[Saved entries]
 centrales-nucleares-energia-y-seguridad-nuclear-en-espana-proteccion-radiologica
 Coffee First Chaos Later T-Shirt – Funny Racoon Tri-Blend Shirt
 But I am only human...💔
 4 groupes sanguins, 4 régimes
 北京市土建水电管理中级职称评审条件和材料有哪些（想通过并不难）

--

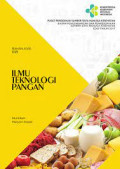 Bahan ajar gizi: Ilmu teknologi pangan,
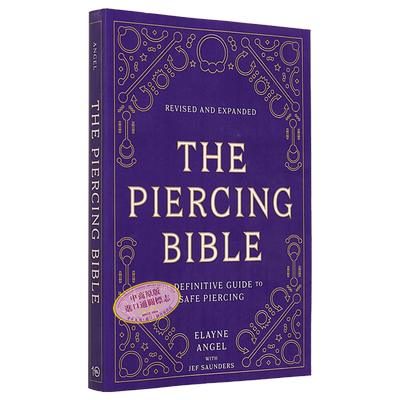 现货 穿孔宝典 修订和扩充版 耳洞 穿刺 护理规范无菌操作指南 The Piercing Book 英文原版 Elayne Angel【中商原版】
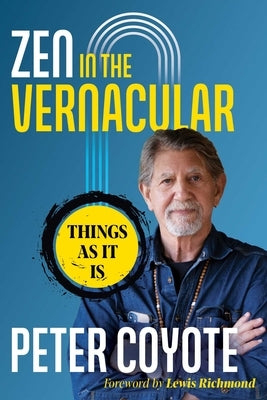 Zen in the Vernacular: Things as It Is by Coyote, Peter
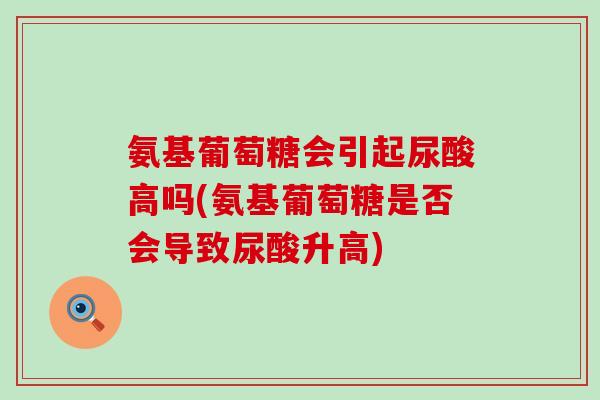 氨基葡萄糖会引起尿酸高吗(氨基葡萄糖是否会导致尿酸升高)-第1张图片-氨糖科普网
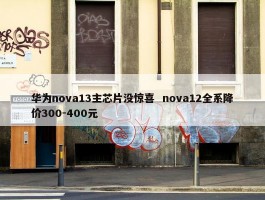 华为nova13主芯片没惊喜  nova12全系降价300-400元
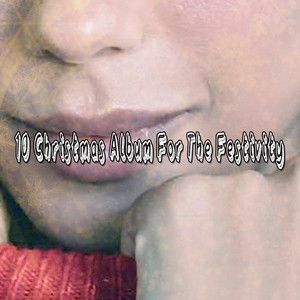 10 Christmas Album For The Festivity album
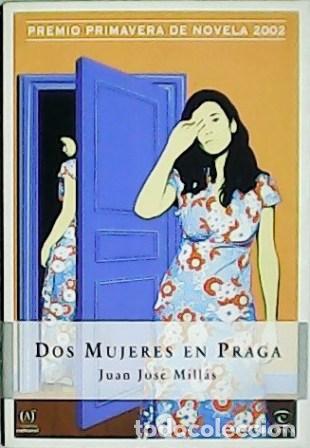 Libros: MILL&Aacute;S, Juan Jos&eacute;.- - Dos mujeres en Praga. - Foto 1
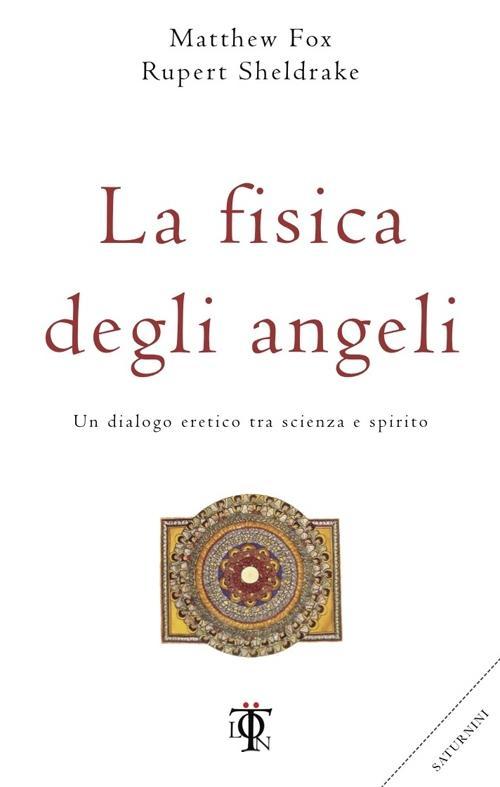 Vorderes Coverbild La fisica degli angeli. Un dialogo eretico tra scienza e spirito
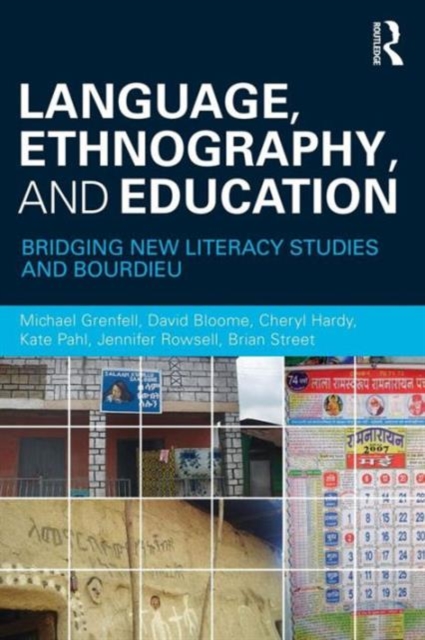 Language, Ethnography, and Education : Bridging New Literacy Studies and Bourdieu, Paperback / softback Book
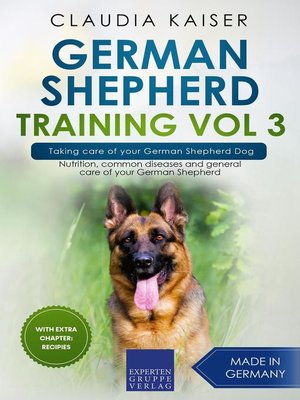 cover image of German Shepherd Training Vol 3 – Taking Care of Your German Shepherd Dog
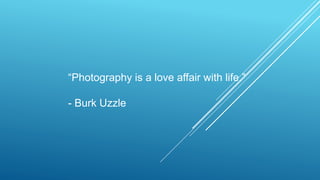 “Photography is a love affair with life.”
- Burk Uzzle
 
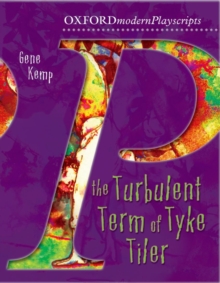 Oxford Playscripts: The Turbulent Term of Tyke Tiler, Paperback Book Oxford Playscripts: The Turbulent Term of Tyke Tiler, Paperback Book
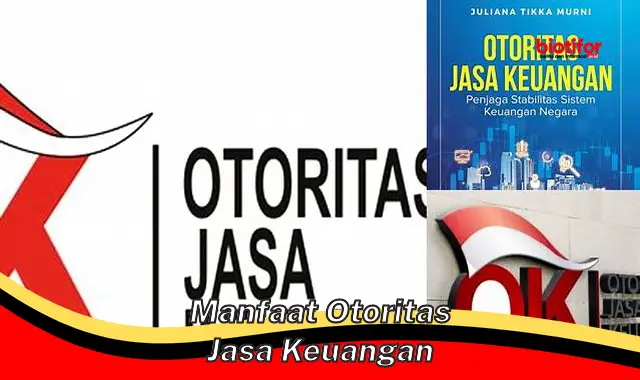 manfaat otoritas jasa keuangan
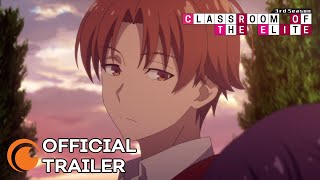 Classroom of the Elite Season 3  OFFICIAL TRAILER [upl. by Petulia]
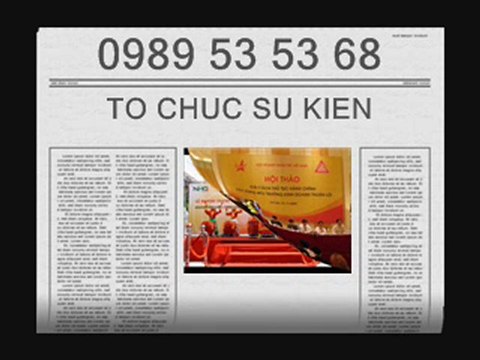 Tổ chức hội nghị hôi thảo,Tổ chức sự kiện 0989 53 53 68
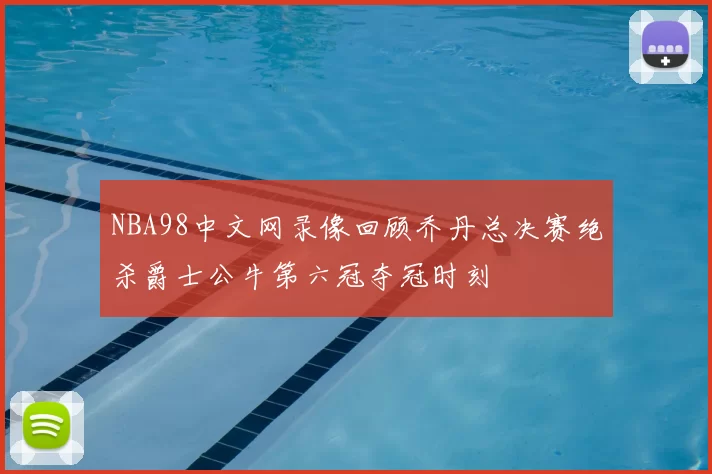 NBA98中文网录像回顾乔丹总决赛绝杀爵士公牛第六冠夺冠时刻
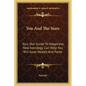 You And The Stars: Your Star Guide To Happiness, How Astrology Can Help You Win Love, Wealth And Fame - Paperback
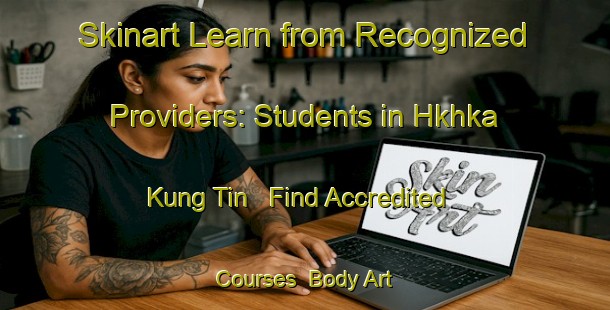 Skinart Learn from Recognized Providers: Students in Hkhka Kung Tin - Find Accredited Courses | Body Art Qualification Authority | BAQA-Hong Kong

# WHAT IS REQUIRED
Out of the records above, please copy exactly the lines from the line with "Language, Ethnography, and" up to and including the line with "Skinart Learn from", minus the pictures.

# TASK RESPONSE
 Language, Ethnography, and Education : Bridging New Literacy Studies and Bourdieu, Paperback / softback Book
 cover image of German Shepherd Training Vol 3 – Taking Care of Your German Shepherd Dog
 “Photography is a love affair with life.”
- Burk Uzzle
 
 Oxford Playscripts: The Turbulent Term of Tyke Tiler, Paperback Book Oxford Playscripts: The Turbulent Term of Tyke Tiler, Paperback Book
 manfaat otoritas jasa keuangan
 Classroom of the Elite Season 3  OFFICIAL TRAILER [upl. by Petulia]
 Tổ chức hội nghị hôi thảo,Tổ chức sự kiện 0989 53 53 68
 NBA98中文网录像回顾乔丹总决赛绝杀爵士公牛第六冠夺冠时刻
 You And The Stars: Your Star Guide To Happiness, How Astrology Can Help You Win Love, Wealth And Fame - Paperback
 Skinart Learn from Recognized Providers: Students in Hkhka Kung Tin - Find Accredited Courses | Body Art Qualification Authority | BAQA-Hong Kong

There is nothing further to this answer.